It felt like I was in a spy movie. No kidding.
In 2013, banks were still reeling from the housing bust. And as strange as it sounds, many of them owned homes they didn’t even know about.
That might sound hard to believe… But it actually happened.
Today, I’ll share the story of how I bought one of these properties – before the bank suspected a thing. And along the way, we’ll learn a secret to finding success in real estate…
Where I live, on the east coast of Florida, banks made dangerous loans during the housing boom of the 2000s. So when the housing crisis got crazy, the banks here suffered.
Many went out of business or merged with others. So mortgage obligations were bouncing around from bank to bank. And when properties went into foreclosure, it made things even messier.
In this case, one property caught my eye after it had ended up in the hands of Bank of America. It was a big, beautiful home, tucked away just one block from the beach. Here’s the kicker…
Bank of America didn’t know it owned the place.
Because of that, it wasn’t paying taxes on the house. And that meant the property was going up for auction. The county would sell it to the highest bidder on the courthouse steps.
No joke. In my county, you could show up at the courthouse to bid on these things. It felt like the Wild West.
The thing is, Bank of America had already foreclosed on the homeowner and taken control of the property. All it had to do was pay the taxes to keep it. But thanks to a paperwork mix-up, the bank didn’t realize it yet.
It just so happened that my checking account at the time was with Bank of America. And to buy a home like that at the courthouse auction, you had to have cash… right there… that day… to make the 5% down payment.
So, picture this: I start my day by driving to Bank of America to withdraw a boatload of cash. Once I get it, it’s off to the courthouse.
I’m half expecting the auction to be canceled. I mean, how could Bank of America really let this happen?
Either way, there I am. Criminals are coming in and out of court, and I’ve got my pockets absolutely stuffed with cash.
I can’t believe it when the auction starts. I have basically no competition at all.
There are about 30 other people standing around… but they bow out once the bidding gets above $10,000. The auction is lightning-fast. And just like that, I buy the property.
Remember, it would have taken near zero effort on Bank of America’s part to stop this. The bank just needed someone to key in a few numbers. If it paid off the roughly $6,000 in back taxes, it would have kept a home worth a few hundred thousand dollars.
Regardless, I’ve won the auction. And for the first time all day, my stress level starts to drop.
I think I own the house. But then the courthouse tells me that the folks at the bank can get it back at any moment. I’ve only paid the deposit. They can still pay the back taxes. “And by the way… they’ve informed us that they intend to pay.”

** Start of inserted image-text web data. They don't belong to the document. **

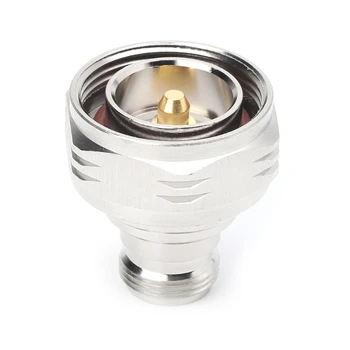 

NK/L29J RF Microwave Coaxial Adapter L29 7/16 DIN Male To N Female Connector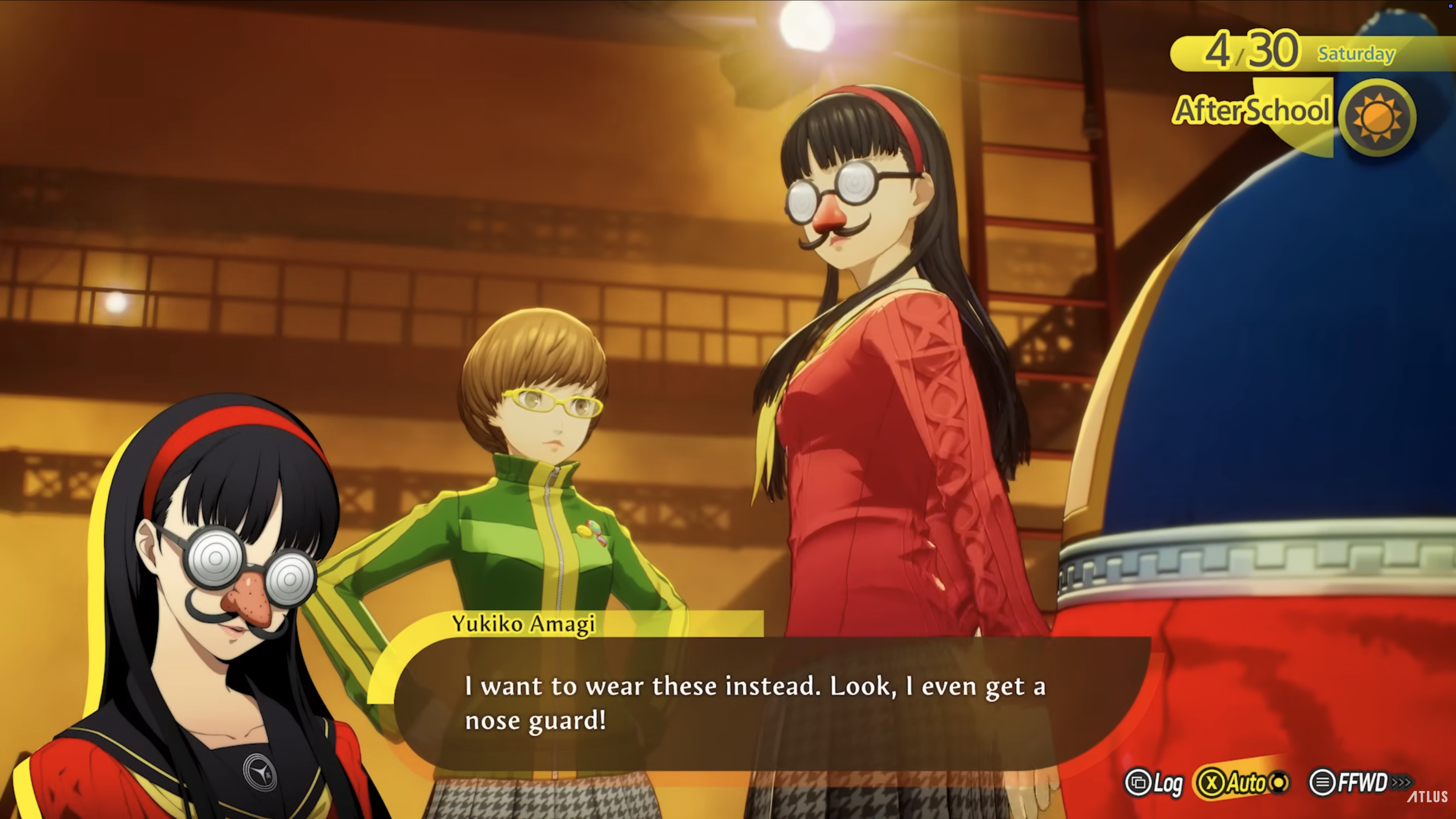 Persona 4 Revival
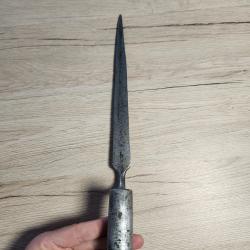 Baïonnette à douille d'officier, de cadet ou de sergent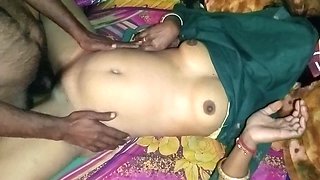Step Sister Sex with His Step Brother in His Room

So I get back in my truck. I need a cashier’s check for the rest of the money to seal the deal.
Twenty-five minutes later, I’m making small talk with the teller back at my local branch… so that I can buy a home out from under my own bank, for less than half of its value.
It was crazy at the time. And it’s even crazier to think back on it now. But in the end, I got the house. I paid around $220,000 for it. Its appraised value was more than $400,000.
Now, that story might sound too fantastic to you. It must have been a once-in-a-lifetime opportunity, right?
Not at all.
The truth is, I bought multiple properties on the courthouse steps during those years. And I learned a key secret to success in real estate back then, too.
The simple reality is that if you want to do this sort of thing yourself, you’ve got to be willing to roll up your sleeves. You’ve got to jump in and work a bit. Take this opportunity as an example…
First, I had to check my local property appraiser’s website to see what was going up for auction. Once I found something interesting, I did the homework on the property, figuring out what it was worth.
During that step, I knew there was only a small chance my plan would work – but I went ahead anyway. I prepared myself for auction and showed up when I needed to.
The deal could have fallen apart a dozen times. But if I hadn’t rolled up my sleeves and put in the effort, I’d have never known for sure.
There really isn’t much secret beyond that. If you want to make real estate investing work for you… you’ve got to work for it.
Then, when you come across something that is truly amazing… don’t skip it. Don’t delay. Take advantage of it.